El ritmo con el que crecen Quito y Guayaquil, entre 1982 y 1990, tiende a disminuir, para dar paso al crecimiento acelerado y explosivo de ciudades intermedias como Santo Domingo de los Colorados, Machala, Portoviejo, Manta y Ambato.

En todo caso, la brecha entre campo y ciudad se ha acentuado. En las urbes, principalmente Quito y Guayaquil, se concentran las fuentes de empleo, los recursos, las inversiones estatales y privadas y las redes de servicios públicos. En contraste, las condiciones de vida en el campo se han ido paulatinamente deteriorando debido a la desatención estatal, la concentración y agotamiento de la tierra cultivable, la caída de los precios de los productos campesinos y el incremento acelerado de los insumos, la falta de crédito, asistencia técnica, redes de comercialización, caminos vecinales y servicios básicos. (38)

Nuestras ciudades nacen y se desarrollan en medio de un marcado proceso de segregación y exclusión social, económica y política; por un lado, encontramos un sector moderno bien atendido, y por otro, barrios populares en condiciones muy precarias. Los intereses del capital inmobiliario y de los especuladores, marcan las políticas de muchos gobiernos seccionales.

Por la necesidad de conseguir vivienda, los pobladores han ocupado tierras y se han asentado en laderas, zonas de riesgo y áreas bajas y salitrosas que se inundan con facilidad. Este fenómeno que se desarrolló en las últimas tres décadas en las ciudades de la Costa, reaparece con fuerza, en la década del 90 en Quito, como una manifestación más de la crisis urbana y de la incapacidad para solucionarla.

En las urbes, la falta o escasez de infraestructura y servicios básicos va para largo: cuatro de cada 10 hogares no cuentan con conexión de agua a sus casas, y cinco de cada diez hogares carecen de un sistema adecuado de alcantarillado. Este problema es más agudo en la Costa que en la Sierra. Con la vivienda la situación no es mejor: el 68% de las dos millones de viviendas que hay en el Ecuador, es inadecuado. El déficit habitacional va en aumento: cada año se requieren 50.000 nuevas viviendas. (39)

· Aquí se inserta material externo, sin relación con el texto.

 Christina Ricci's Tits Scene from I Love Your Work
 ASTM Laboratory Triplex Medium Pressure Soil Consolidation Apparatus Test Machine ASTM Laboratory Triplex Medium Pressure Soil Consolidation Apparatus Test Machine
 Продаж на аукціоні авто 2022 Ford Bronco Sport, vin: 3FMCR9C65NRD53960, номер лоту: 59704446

El deterioro del medio ambiente urbano es cada vez más acentuado debido a la contaminación del agua, la tierra y el aire, la deforestación y la basura que no se recoge, repercutiendo directamente en la calidad de vida de sus habitantes.

Con los recortes de los programas estatales y la aplicación de políticas de ajuste, la mayoría de pobladores urbanos tienen mayor dificultad para acceder a la salud, educación, y atención a la infancia.

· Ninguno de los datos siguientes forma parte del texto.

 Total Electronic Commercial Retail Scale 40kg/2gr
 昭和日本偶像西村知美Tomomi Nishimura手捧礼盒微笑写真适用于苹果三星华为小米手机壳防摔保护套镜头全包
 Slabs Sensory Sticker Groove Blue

En vivienda, el gobierno se desentiende del problema y lo ha transferido a manos de la empresa privada. El deterioro de los ingresos, el desempleo, la reducción de subsidios, las altas tasas de interés y la elevación de los materiales de construcción hacen prácticamente imposible la obtención de vivienda para los sectores de menores recursos. El mercado nunca ha resuelto, ni resolverá, las necesidades de alojamiento de la gran mayoría de la población. (40)

La pobreza es el principal problema de las ciudades, expresándose en altos niveles de desempleo y subempleo, bajos ingresos y necesidades insatisfechas. Y junto a la pobreza, están presentes la violencia, que se manifiesta en el maltrato a mujeres y niños, drogadicción y alcoholismo, delincuencia, formación de pandillas juveniles, inseguridad e incomunicación familiar.

El centralismo afecta duramente a las ciudades intermedias y pequeñas; el gobierno central maneja gran parte de los recursos y destina menos del 10% de su presupuesto a los municipios para el desarrollo local. En esta medida es imposible atender las necesidades de los pobladores.

"La década de ajuste ha producido una profunda transformación de la composición social nacional y eso ha afectado a los barrios por los procesos de terciarización de la economía. Ahora son informales y subempleados quienes viven en los barrios", sostiene Santiago Ortiz, director de la Asociación Cristina de Jóvenes, ACJ, institución que se dedica a programas de gestión urbana.

Los barrios populares son heterogéneos. Allí viven obreros, empleados de tiendas y almacenes, propietarios de buses, empleados públicos y privados, militares y policías de baja graduación, trabajadores de la construcción, pequeños comerciantes, migrantes indígenas y campesinos. La mayoría son trabajadores informales. Con esta diversidad, en los barrios se genera una cultura que no es campesina, indígena o urbana. Es una mezcla cuya identidad se está construyendo.


2. Movimientos locales

Conceptual e históricamente es muy complejo definir al movimiento barrial y su proceso por la diversidad de organizaciones existentes en los barrios. Más allá de las típicas organizaciones territoriales como los comités barriales, cooperativas de vivienda y comités pro-mejoras, se han generado nuevas organizaciones con sectores que se agrupan en función de sus intereses específicos, como son los jóvenes, las mujeres, los cristianos y otros que engloban al movimiento social urbano.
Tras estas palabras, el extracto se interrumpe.